Repeat exactly the lines that begin at the one containing "Credenza a 3" and end at the final line of the records; include no pictures and nothing else.
BEGIN Data section
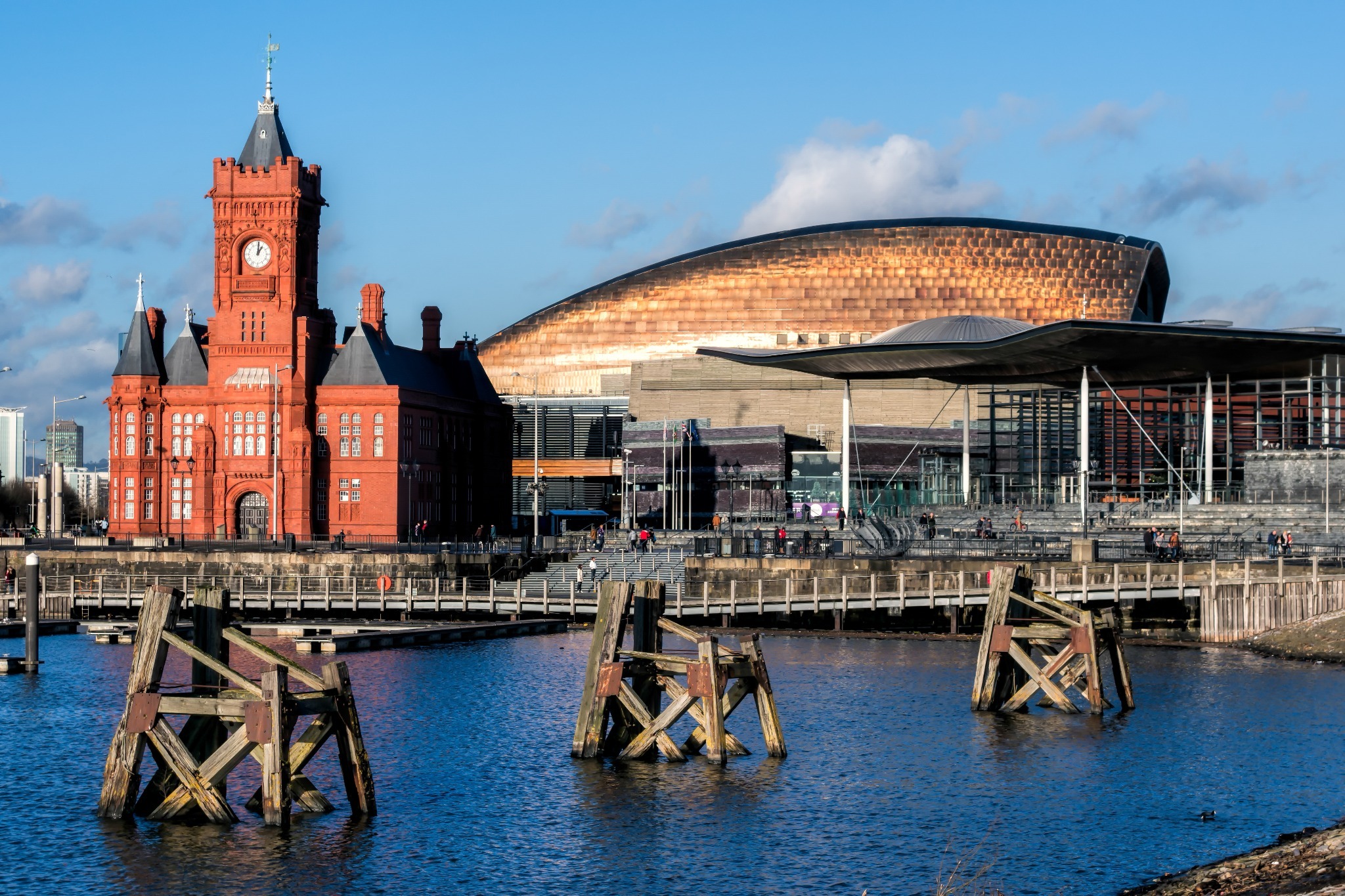 Pierhead and Millenium Centre Pierhead and Millenium Centre buildings Cardiff Bay
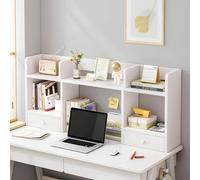 JingNian Étagère De Bureau À Poser, Petite Bibliothèque 2 Niveaux en Bois Et Métal, Rangement Livres Et Fournitures pour Maison Et Bureau(C,100x16x52cm)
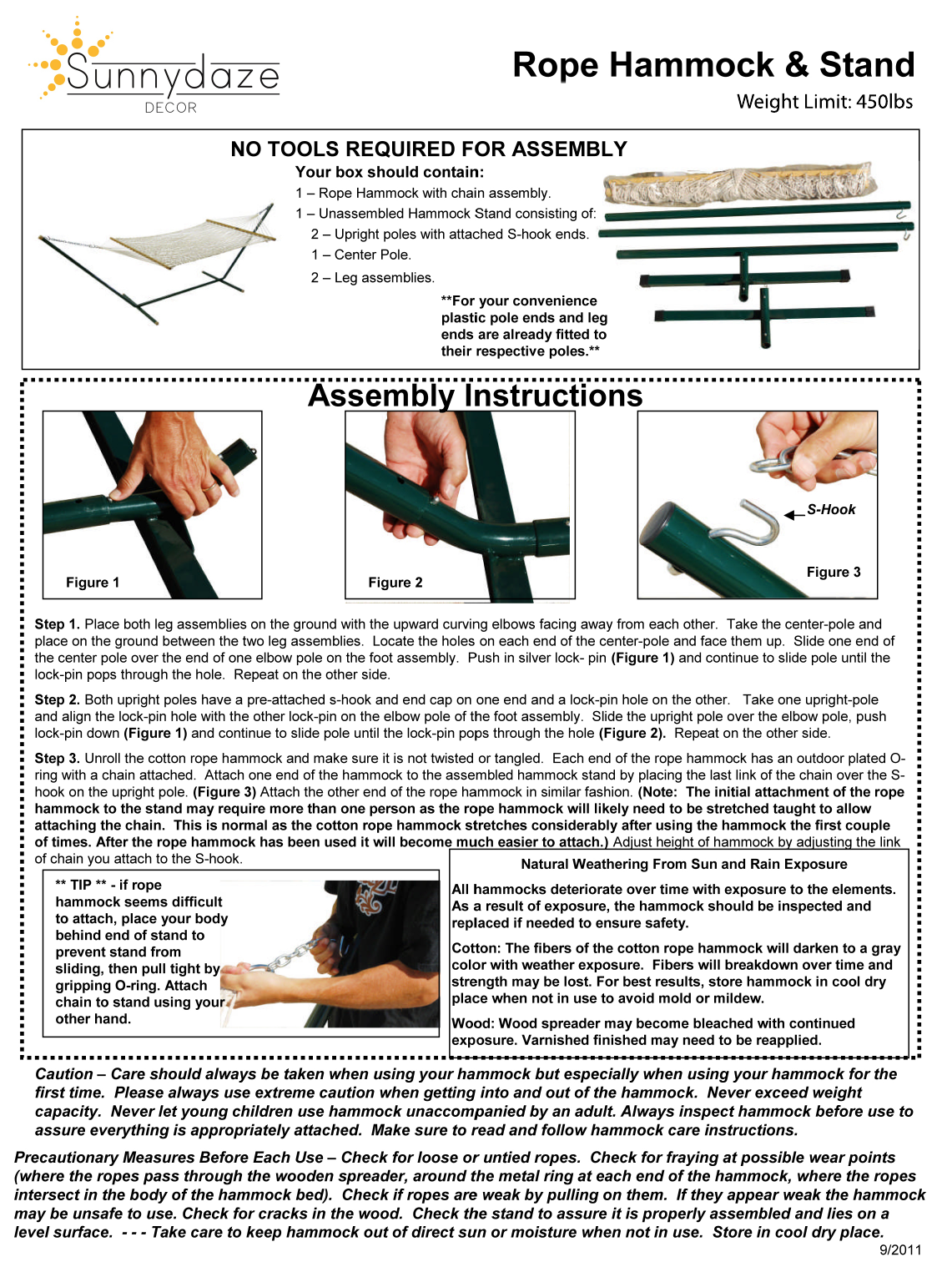 Sunnydaze Hammock Stand Instructions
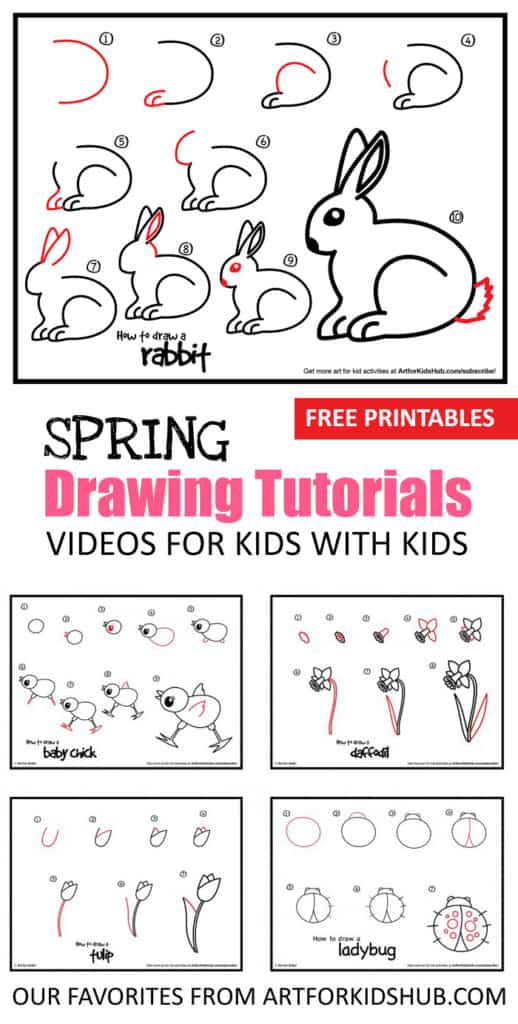 5 Spring Drawing Tutorials For Kids With Kids: Learn to draw bunny rabbits, ladybugs, butterflies, baby chicks and spring flowers. *Love these video tutorials and printables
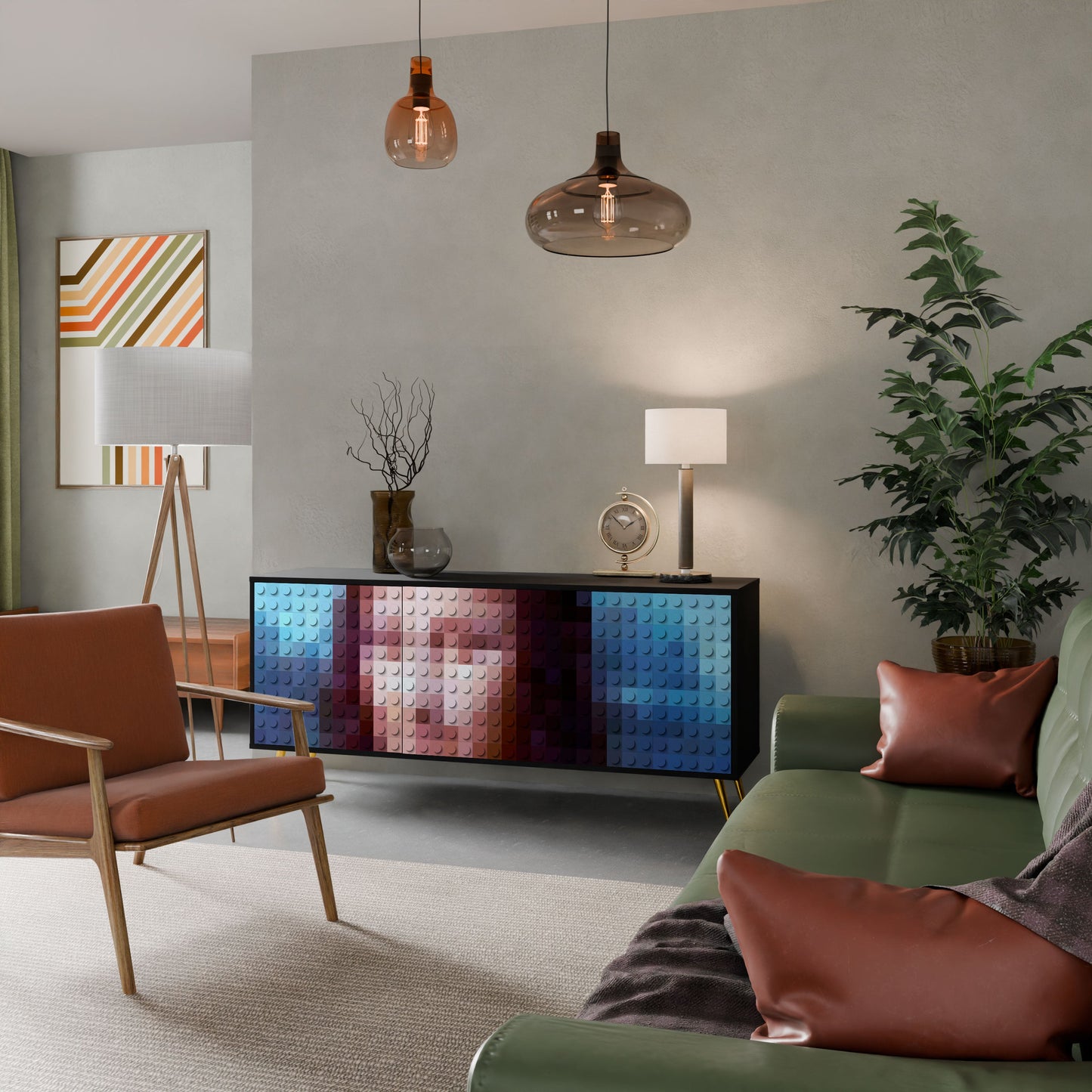 Credenza a 3 ante CONSTRUCTIVE ART in finitura nera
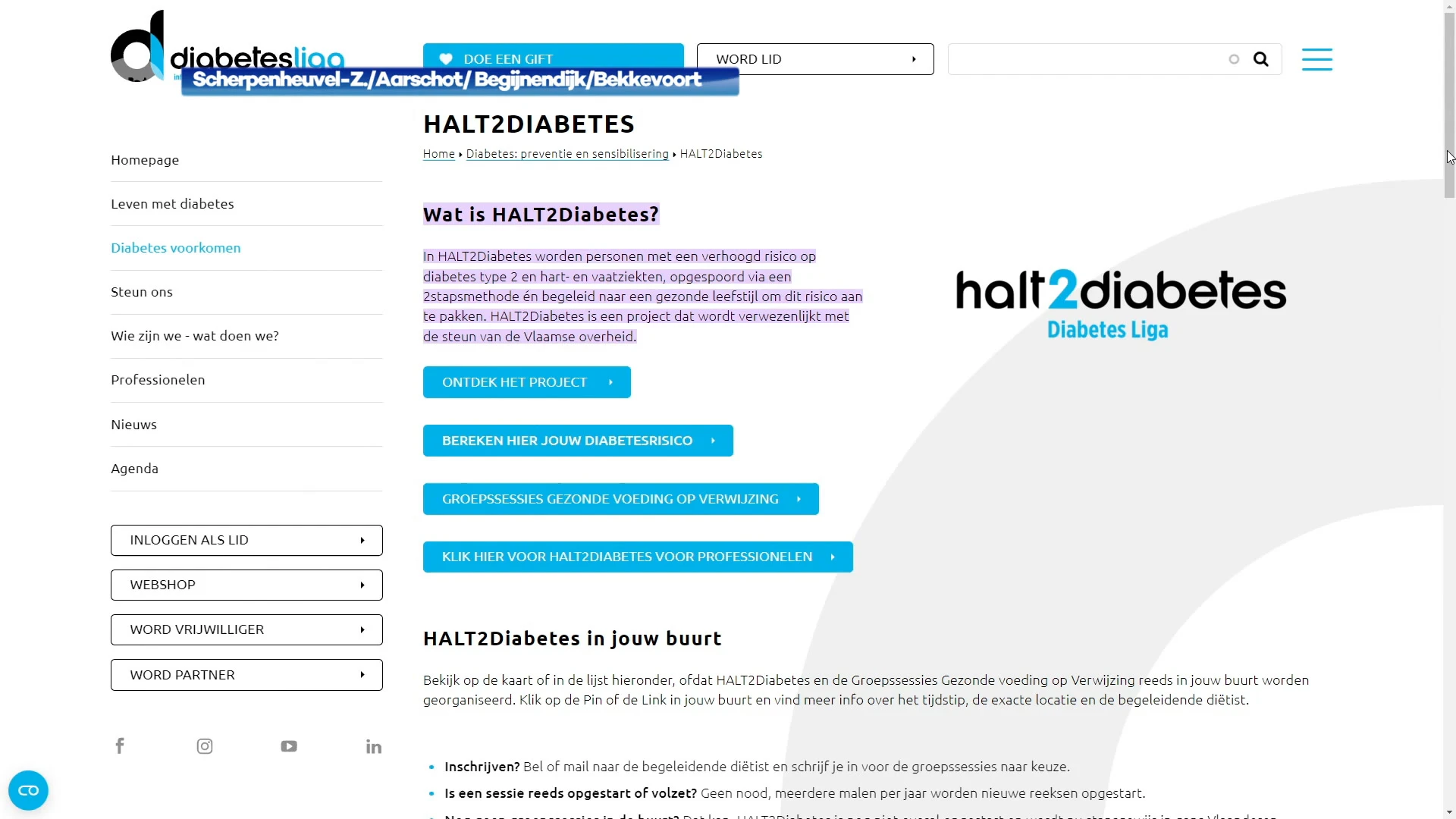 Project 'Halt2Diabetes' nu ook in Aarschot, Begijnendijk en Bekkevoort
END Data section
Result of the task.
 Credenza a 3 ante CONSTRUCTIVE ART in finitura nera
 Project 'Halt2Diabetes' nu ook in Aarschot, Begijnendijk en Bekkevoort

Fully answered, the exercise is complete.